Many people worry about their computers being hacked. Very few worry about eavesdropping used on their printers. In the May 2009 issue of Scientific American, an article talks about potential office hacks using surveillance tactics, one being recording and analyzing the sounds made by a printer. So far, the research has been done on dot-matrix printers. These are the old noisy kind; however, they are also still in commercial use by industries like airlines, banks, and hospitals (each of which prints sensitive information).
Dot-matrix printers create dots on a piece of paper by use of several tiny pins, aligned in a column, that strike an ink ribbon positioned between the pins and the paper. This process creates an audible sound that can be recorded and analyzed using computer software code to decode the printed characters.
The process of decoding words from the sounds of a printer start by breaking down the parts. Even at this stage the human ear can discern one line of a printer’s work.
Computer code is then used to break down the printer sounds into word parts.

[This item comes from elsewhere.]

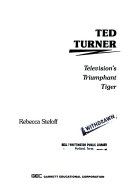 Ted Turner: Television's Triumphant Tiger cover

The process of extracting information from the dot-matrix recordings is not exact. Once the process of breaking down the sounds into words, the next step is pretty much guessing the characters that make up the word. Much like playing Jeopardy.
The research so far is on dot-matrix printers, notably, because of their noisy characteristics and also since they are still in use in business settings? However, the same principles could be applied to the more widely used ink-jet printer.
Great, too bad it’s 20 years behind the times!